MICHAEL SPONSELLER (harpsichord) has appeared throughout Europe and North America with critical acclaim as a soloist, conductor, and chamber musician. Winner of the American Bach Soloists Competition (1998) and the Jurow International Harpsichord Competition (2002), he holds the distinction of being a two-time prizewinner at the Festival of Flanders International Harpsichord Competition (Bruges), as well as taking prizes in Montréal and Kalamazoo. His recitals, which favor the French “clavecinists” and English virginal repertoire, have been heard at the Smithsonian Institution, Saint Cecilia’s Hall, Alliance Française and at festivals such as Boston, Berkeley, and Edinburgh. Following his return to the US in 1999, Mr. Sponseller has performed and recorded frequently with the Handel and Haydn Society, Smithsonian Chamber Players, American Bach Soloists, New York Collegium, and Apollo’s Fire. Michael Sponseller performs in partnership with leading artists such as Catherine Turocy, Emyln Ngai, Derek Lee Ragin, Malia Bendi Merad, and Sarah Freiburg and performs with numerous ensembles such as La Luna, Aradia, and Rhetoric. In addition to holding degrees from the Oberlin Conservatory of Music and the Royal Conservatory of Music in The Hague, Mr. Sponseller was a teacher of harpsichord at the Baldwin Wallace Conservatory of Music.

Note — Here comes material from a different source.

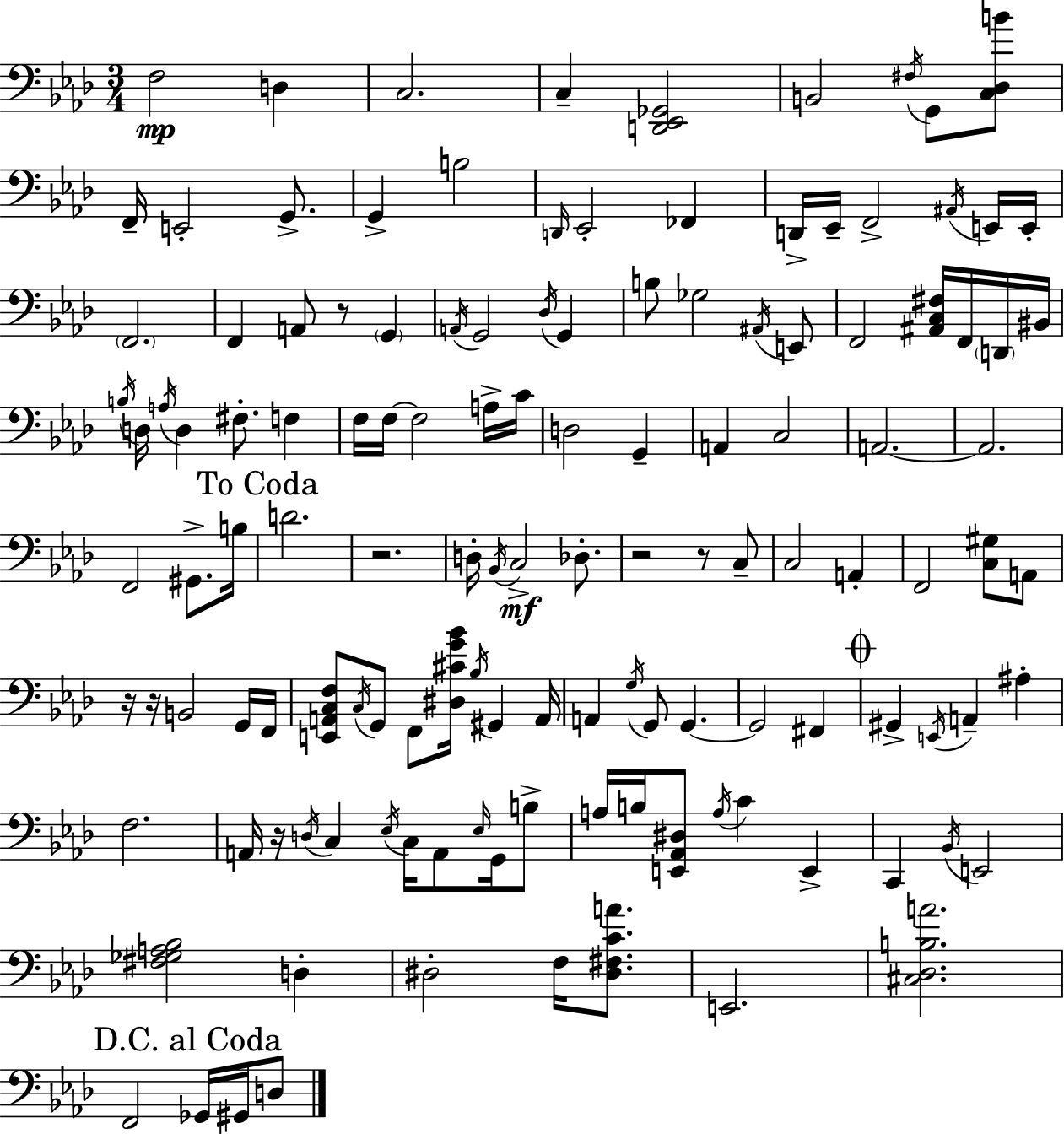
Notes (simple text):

F3/h D3/q C3/h. C3/q [D2,Eb2,Gb2]/h B2/h F#3/s G2/e [C3,Db3,B4]/e F2/s E2/h G2/e. G2/q B3/h D2/s Eb2/h FES2/q D2/s Eb2/s F2/h A#2/s E2/s E2/s F2/h. F2/q A2/e R/e G2/q A2/s G2/h Db3/s G2/q B3/e Gb3/h A#2/s E2/e F2/h [A#2,C3,F#3]/s F2/s D2/s BIS2/s B3/s D3/s A3/s D3/q F#3/e. F3/q F3/s F3/s F3/h A3/s C4/s D3/h G2/q A2/q C3/h A2/h. A2/h. F2/h G#2/e. B3/s D4/h. R/h. D3/s Bb2/s C3/h Db3/e. R/h R/e C3/e C3/h A2/q F2/h [C3,G#3]/e A2/e R/s R/s B2/h G2/s F2/s [E2,A2,C3,F3]/e C3/s G2/e F2/e [D#3,C#4,G4,Bb4]/s Bb3/s G#2/q A2/s A2/q G3/s G2/e G2/q. G2/h F#2/q G#2/q E2/s A2/q A#3/q F3/h. A2/s R/s D3/s C3/q Eb3/s C3/s A2/e Eb3/s G2/s B3/e A3/s B3/s [E2,Ab2,D#3]/e A3/s C4/q E2/q C2/q Bb2/s E2/h [F#3,Gb3,A3,Bb3]/h D3/q D#3/h F3/s [D#3,F#3,C4,A4]/e. E2/h. [C#3,Db3,B3,A4]/h. F2/h Gb2/s G#2/s D3/e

Mr. Sponseller’s passionate interest in 17th and 18th century opera led to making his conducting debut in 2000 with Dido and Aeneas of Henry Purcell. Since then he has performed and been assistant conductor in a wide range of repertoire, including Castor et Pollux, Ariodante, Amadigi, Alcina, Cephale et Procris, and Les Arts Florissants. In 2000, he became a research assistant at the Centre de Musique Baroque de Versailles, working with Lisa Goode Crawford on the operas of Joseph Nicolas Pancrace Royer (1705–1755). This work culminated in 2002 in the modern-day premiere of Royer’s Le Pouvoir de l’Amour with the New York Baroque Dance Company, Oberlin College, and the Centre de Musique Baroque de Versailles, which received recognition and praise from the New York Times, Wall Street Journal and Opera News. Mr. Sponseller can also be heard on several recordings from Electra, Vanguard Classics, Naxos and Centaur.